→ **WHAT IS EXPECTED**:
Reproduce the data below word for word.

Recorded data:
★ ★ ★ ★ ★
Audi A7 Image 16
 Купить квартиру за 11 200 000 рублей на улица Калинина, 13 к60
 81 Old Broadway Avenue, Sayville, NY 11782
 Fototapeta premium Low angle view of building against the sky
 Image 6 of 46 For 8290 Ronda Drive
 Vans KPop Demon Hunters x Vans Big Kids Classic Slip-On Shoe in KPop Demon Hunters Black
★ ★ ★ ★ ★
→ **ANSWER SPACE**:
Audi A7 Image 16
 Купить квартиру за 11 200 000 рублей на улица Калинина, 13 к60
 81 Old Broadway Avenue, Sayville, NY 11782
 Fototapeta premium Low angle view of building against the sky
 Image 6 of 46 For 8290 Ronda Drive
 Vans KPop Demon Hunters x Vans Big Kids Classic Slip-On Shoe in KPop Demon Hunters Black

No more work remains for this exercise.